Background information
- Born: Robert David Edmonds 9 September 1957 (age 68)
- Origin: Welwyn Garden City, Hertfordshire, England
- Genres: Punk rock; new wave; alternative rock; folk rock; post punk; world music;
- Occupation: Musician
- Instruments: Guitar; keyboards; bouzouki; bass; saz; cümbüş; oud; vocals;
- Member of: Public Image Ltd.; The Mekons;
- Formerly of: The Damned; Shriekback; The Spizzles;

= Lu Edmonds =

British musician

Robert David "Lu" Edmonds (born 9 September 1957) is an English rock and folk musician. He is currently, as of 2018, a vocalist and saz and cümbüş player in the Mekons and the guitarist for Public Image Ltd. Edmonds reportedly plays electric guitar, bass guitar, keyboards, bouzouki, saz, cümbüs, oud, and drums, among other instruments.

== Personal life ==
Growing up abroad in Poland, South America, Russia and Cyprus, Edmonds was educated in local schools and at Ampleforth College. As of 2024, he resided in London.

== Rock music ==
Edmonds is currently, as of 2018, a vocalist and saz and cümbüş player in the Mekons, and also the lead guitarist for Public Image Limited.

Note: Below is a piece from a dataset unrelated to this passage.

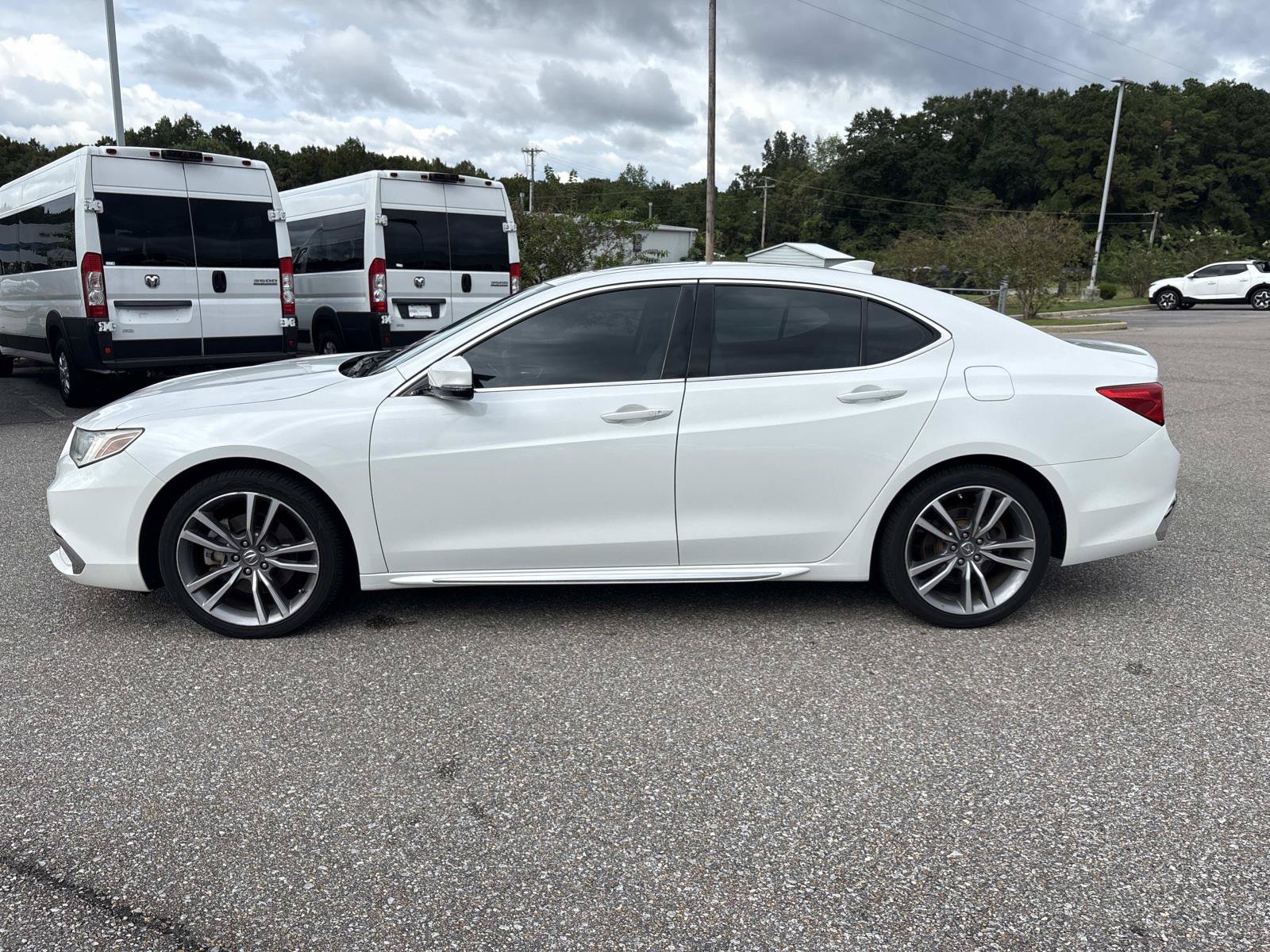 Used 2019 Acura TLX w/ Technology Package AWD/4WD image 9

===The Damned 1977–1978===
Edmonds first came to prominence as a member of the Damned, playing guitar on their second album, 1977's Music For Pleasure. It was the rest of the band that nicknamed him "Lu"—short for "Lunatic". Billed simply as "Lu" while with the Damned, subsequent bands billed him as Lu Edmonds (or occasionally "Lu Knee").

===The Edge 1978–1980===
Edmonds was the guitarist/vocalist in new-wave band the Edge. This band also featured drummer Jon Moss, (whom Edmonds met in the Damned, and who went on to become the drummer in Culture Club), bassist Glyn Havard (who played in the prog-rock band Jade Warrior) and keyboardist Gavin Povey (who later played with UK virtuoso guitarist Albert Lee in Albert Lee & Hogan's Heroes). They released one album, Square 1 and three singles.

===Spizzles 1980–1981===
Lu Edmonds joined this Spizzenergi incarnation during their commercially most successful phase, playing guitar and piano on two singles and their album Spikey Dream Flowers. Besides lead singer Kenneth Spiers, the band had Clive Parker on drums and Jim Solar on bass.

===Other===
He has played in Public Image Ltd, the Mekons, Shriekback, as a Bloke in Billy Bragg & the Blokes as well as on tracks by the Waterboys and Kirsty MacColl. He also co-wrote songs with MacColl for her first album and played lead guitar on her first single "They Don't Know" (and also on the cover of that song by comedian Tracey Ullman).

== Eclectic music ==
In the early years (1982–?) of the band 3 Mustaphas 3, "world music" pioneers, Edmonds played various instruments under the pseudonym Uncle Patrel Mustapha Bin Mustapha. Then Edmonds and Ben Mandelson, both former "Mustaphas", created two trios: in 2009 Blue Blokes 3 with Ian A. Anderson, releasing the album Stubble (Fledg'ling Records); and in 2010 Les Triaboliques with fellow picker Justin Adams, releasing the album Rivermudtwilight. In 2010, Edmonds appeared on Poets and Lighthouses, the latest album by Albert Kuvezin of the Tuvan ethnic-rock fusion group Yat Kha. In 2019, Edmonds and Mark Roberts, as Blabbermouth, released the album Hörspiel ("Hörspiel" being German for "radio drama" or "audio play"), with several guest musicians, including Rico Bell and Sally Timms of the Mekons, and Albert Kuvezin.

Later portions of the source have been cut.